Councillor Tom Papworth said the housing provider has committed a "gross breach of its legal responsibilities" and has written about the situation to all residents of Hurst House in Chulsa Road, Sydenham, where Mrs Bakare lives.

The building also has no lifts so Ms Bakare has to climb the 40 steps with her four children each day despite chronic back pain however it is the mice situation has driven her to desperation.

The 28-year-old who first mentioned the problem to Affinity Sutton more than a year ago, said: "I feel like a prisoner in my own home.

"I’ve never seen anything like this before.

"The mice run past you all the time and I ended up dropping a pot of hot food on the floor which damaged the carpet when a mouse ran past me. I’ve had to set up a camp stove in another room.

"They’ve also run over my partner’s feet when he’s been cooking in the kitchen. I hear shrieks when he’s been in there."

"There have been loads of droppings which I have to get rid of every day and I’m worried about my one-year-old who is starting to pick things up off the floor."

"There have been at least 20 caught by the pest company and now we have sticky traps down but they’re getting smarter and now we just end up with their tails stuck on."

"I’ve been here five years but it’s not my home anymore."

She is particularly concerned for six-year-old son Kwame who has autism.

She said: "He is not coping with it at all and is finding it very constrictive.

"We pay to get rid of the rodents out of our own pocket but the housing provider says we’ll only get rid of the mice if all the tenants get it done and some can’t afford it."

"I’m trying really hard to be strong for my children but I’m finding it very difficult."

As a result she hopes to move across the city to Newham in East London later this year.

Mrs Bakare said: "I’m desperate to stay in Bromley because I’ve lived here all my life but I feel I don’t have any choice."

Housing provider Affinity Sutton claim it is not their responsibility however Councillor Tom Papworth disagrees and has written to tenants saying so.
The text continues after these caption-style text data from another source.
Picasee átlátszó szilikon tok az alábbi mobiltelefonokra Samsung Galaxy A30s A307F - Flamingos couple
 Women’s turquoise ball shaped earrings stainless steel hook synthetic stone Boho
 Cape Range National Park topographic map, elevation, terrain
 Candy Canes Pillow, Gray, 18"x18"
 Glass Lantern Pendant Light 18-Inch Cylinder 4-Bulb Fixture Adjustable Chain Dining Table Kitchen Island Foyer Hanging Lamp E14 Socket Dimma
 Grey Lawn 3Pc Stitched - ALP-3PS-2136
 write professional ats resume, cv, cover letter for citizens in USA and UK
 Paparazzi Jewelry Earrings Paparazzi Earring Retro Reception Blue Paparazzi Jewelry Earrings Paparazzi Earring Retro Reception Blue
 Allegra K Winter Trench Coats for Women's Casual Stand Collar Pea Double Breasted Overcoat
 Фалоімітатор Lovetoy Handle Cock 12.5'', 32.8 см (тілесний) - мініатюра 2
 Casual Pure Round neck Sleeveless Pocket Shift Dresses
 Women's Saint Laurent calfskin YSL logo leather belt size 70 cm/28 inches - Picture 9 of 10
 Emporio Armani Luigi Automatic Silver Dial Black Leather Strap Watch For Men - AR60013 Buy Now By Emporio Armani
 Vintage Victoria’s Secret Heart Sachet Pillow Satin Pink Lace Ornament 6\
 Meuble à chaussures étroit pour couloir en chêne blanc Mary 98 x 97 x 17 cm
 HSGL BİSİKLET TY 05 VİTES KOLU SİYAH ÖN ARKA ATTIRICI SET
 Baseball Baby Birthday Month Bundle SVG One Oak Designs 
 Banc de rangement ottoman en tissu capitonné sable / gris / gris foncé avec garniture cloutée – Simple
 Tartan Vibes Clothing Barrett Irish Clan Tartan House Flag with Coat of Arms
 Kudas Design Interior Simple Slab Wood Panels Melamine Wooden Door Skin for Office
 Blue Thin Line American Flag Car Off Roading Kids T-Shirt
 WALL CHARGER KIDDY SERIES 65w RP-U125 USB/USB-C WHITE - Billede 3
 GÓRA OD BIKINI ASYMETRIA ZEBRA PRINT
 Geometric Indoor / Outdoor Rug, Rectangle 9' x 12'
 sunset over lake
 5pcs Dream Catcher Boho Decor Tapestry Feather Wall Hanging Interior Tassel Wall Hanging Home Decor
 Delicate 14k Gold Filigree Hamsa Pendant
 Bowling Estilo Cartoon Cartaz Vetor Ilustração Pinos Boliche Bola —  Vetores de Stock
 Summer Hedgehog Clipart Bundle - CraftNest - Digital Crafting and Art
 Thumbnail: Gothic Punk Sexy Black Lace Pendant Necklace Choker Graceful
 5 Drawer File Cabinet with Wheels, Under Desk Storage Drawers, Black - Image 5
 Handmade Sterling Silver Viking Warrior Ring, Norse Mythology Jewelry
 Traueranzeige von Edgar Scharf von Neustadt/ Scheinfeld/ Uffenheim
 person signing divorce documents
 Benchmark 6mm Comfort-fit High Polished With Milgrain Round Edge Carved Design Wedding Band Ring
Cllr Papworth said: "All landlords have a statutory duty to deal with vermin and make sure their tenants live in clean, safe housing.

"For Affinity Sutton to pretend that vermin is the tenant’s responsibility is a gross breach of their legal responsibilities.

"I have had numerous complaints from this one estate, but Affinity Sutton own properties across the borough.

"This is why I am calling for Affinity Sutton’s chief executive and board to investigate these breaches and to commit to dealing with vermin infestation whenever and wherever it is reported."

Cllr Papworth shared with News Shopper a letter which he wrote on May 10 revealing an Affinity Sutton housing officer told him to "go ahead" and serve an enforcement notice. Bromley Council Environmental Health then did so.

A survey from K & O Pest Control company also revealed it had spoken to the housing provider to explain the whole area needs to be treated to get rid of the mice.

And Mrs Bakare shared a letter with News Shopper from Affinity Sutton mentioning mice in Hurst House dated October 2012. 

Head of housing for London at Affinity Sutton Susan Clinton said: "We are not aware of any issues with mice at Hurst House, however, we have recently treated one of our homes in nearby Ripley House for mice. 

"To ensure no further problems arise our pest control contractors are carrying out a survey of the whole estate and we will take action if there are any signs of mice infestation."

The company would not reveal when the work was completed.